Des criminels donc. Accusés d’avoir commis de sang-froid et en toute connaissance de cause un génocide générationnel. Des sales vieux cons  d’égoïstes, perclus d’indifférence, abjects de veulerie, bouffis de suffisance, qui se sont empiffrés, en toute conscience, sur le dos de leurs enfants, sans que cela ne les amène à changer d’un iota leur comportement. Après moi le déluge aura été leur devise.

Nos aînés auront donc commis le plus infâme des impairs en n’assurant pas à leurs descendants une vie meilleure. Une faute métaphysique qui leur vaudra à tout le moins des remontrances divines et un passage obligé et prolongé dans les abymes. Parce que – c’est écrit dans le marbre biblique qui jamais ne ment – depuis que l’homme est l’homme, le créateur a passé un acte intangible avec sa créature. A tes descendants, une vie plus florissante tu leur donneras. De quoi mener une vie plus douce que la tienne, tu leur offriras. Une existence plus joyeuse et plus mieux, tu leur apporteras. Si jamais tu ne respectes pas cette règle d’or que je te donne comme preuve de ma confiance envers toi, tu seras déshonoré et tu connaîtras alors les feux de l’enfer. (Kevin, Livre IV, Épître XVIII).

Un peu partout, aux abords de nos grands centres commerciaux, les loups aiguisent déjà leurs canines et s’apprêtent à entrer dans la bergerie. Le chômage, la faim, la dette, le froid, le réchauffement climatique, la perte du triple B, l’arrivée du Qatar au PSG, la fonte de la banquise, les fonds de pensions déficitaires, la chute de l’euro, l’augmentation du prix de la baguette, les suicides à répétition de Loana, obligeront la nouvelle génération à vivre dans des conditions épouvantables jamais rencontrées par l’homme dans sa longue quête du bonheur pour tous sur terre.
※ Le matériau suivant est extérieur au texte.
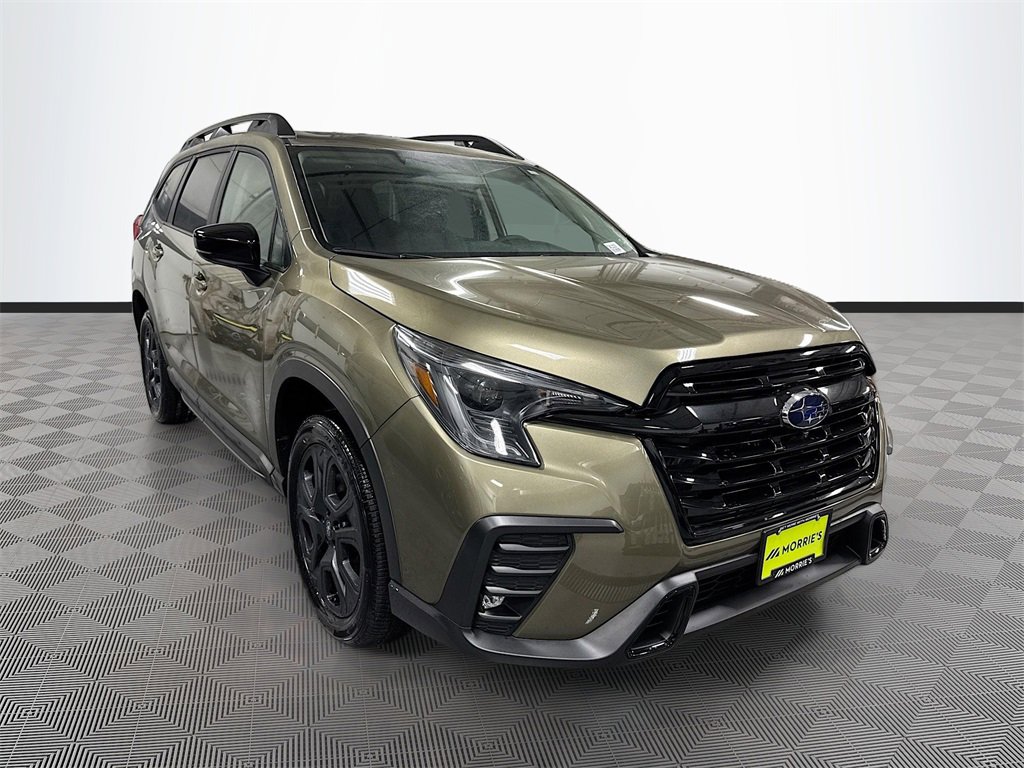 New 2026 Subaru Ascent Bronze Edition image 3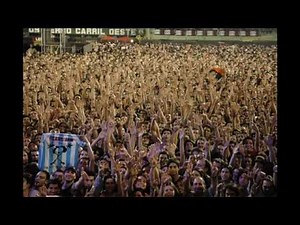 Argentina: Best Crowd Ever [PART 3]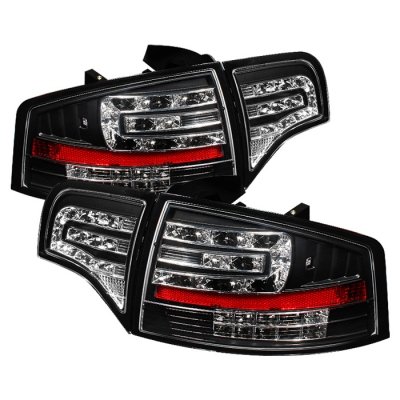 Spyder Auto 111-AA406-G2-LED-BK LED Tail Light Performance Parts & Accessories Spyder Auto 111-AA406-G2-LED-BK
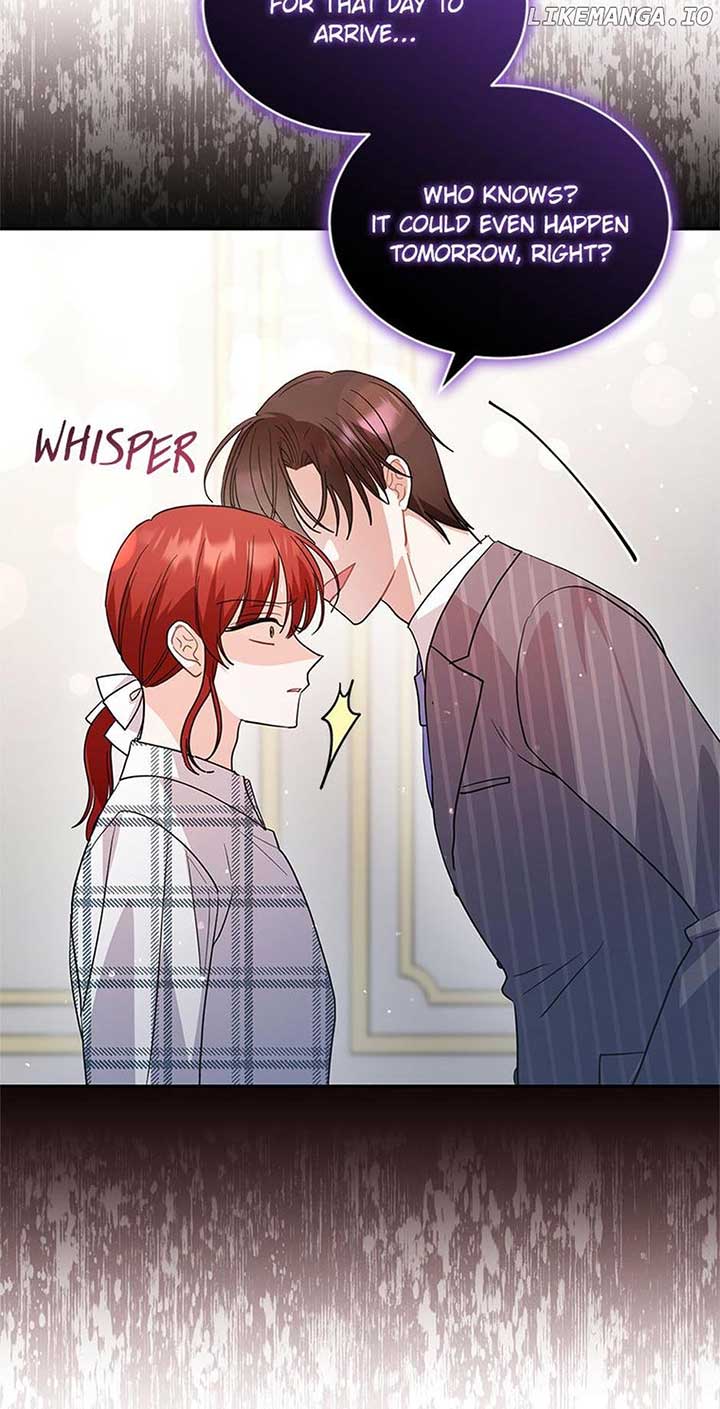 I Thought It Was a Fantasy Romance, but It’s a Horror Story Chapter 51 - Page 72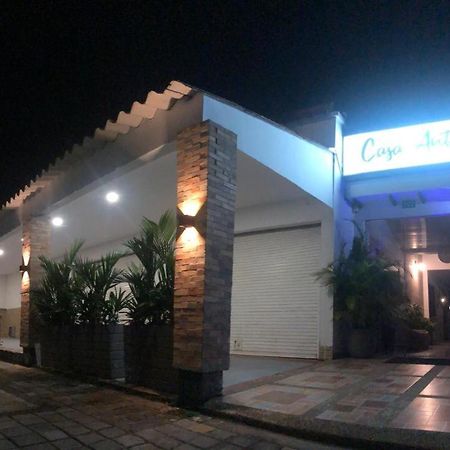 Hotel Casa Antigua Acacías Exteriör bild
Désargentés, ruinés avant même d’avoir commencé à jouer, nos jeunes erreront de villes en villes à la recherche d’un peu de chaleur et d’un morceau de pain que personne ne leur donnera. Anéantis par la crise immobilière, ils vivront dans la rue, clochards amers mâchonnant leur amertume en crachant sur la tombe de leurs géniteurs.

Le pire est certain. Les écrans plats ne seront plus jamais aussi plats, il sera difficile voire impossible d’offrir à son chat un téléphone portable avec un forfait illimité, les enfants devront se résoudre à se passer de téléviseur dans les toilettes, Madame devra renoncer à la lipposuccion de son disgracieux orteil gauche, Monsieur ne pourra plus entretenir ses maîtresses et sera contraint de muscler son poignet pour entretenir les turgescences récurrentes de son membre mis au chômage technique. Bien vite, il faudra opérer des coupes sombres dans le budget des produits de première nécessité : fini les vacances à Bali, désormais ce sera Hammamet et encore. Impossible de mater les exploits magnifiques de l’Olympique Lyonnais en ligue des champions, il faudra se contenter d’écouter le récit de leur défaite triomphante à la radio. Le Tour de France deviendra payant. On sera obligé de relire les vieux classiques poussiéreux laissés en héritage par nos salauds de parents au lieu de se précipiter sur les derniers romans des romanciers à la mode. On n’allumera plus le chauffage qu’une nuitée sur deux. Les consoles vidéos seront remisées au grenier avec pour leur tenir compagnie des grilles-pains, désormais bien inutiles puisque du pain il n’en y aura plus.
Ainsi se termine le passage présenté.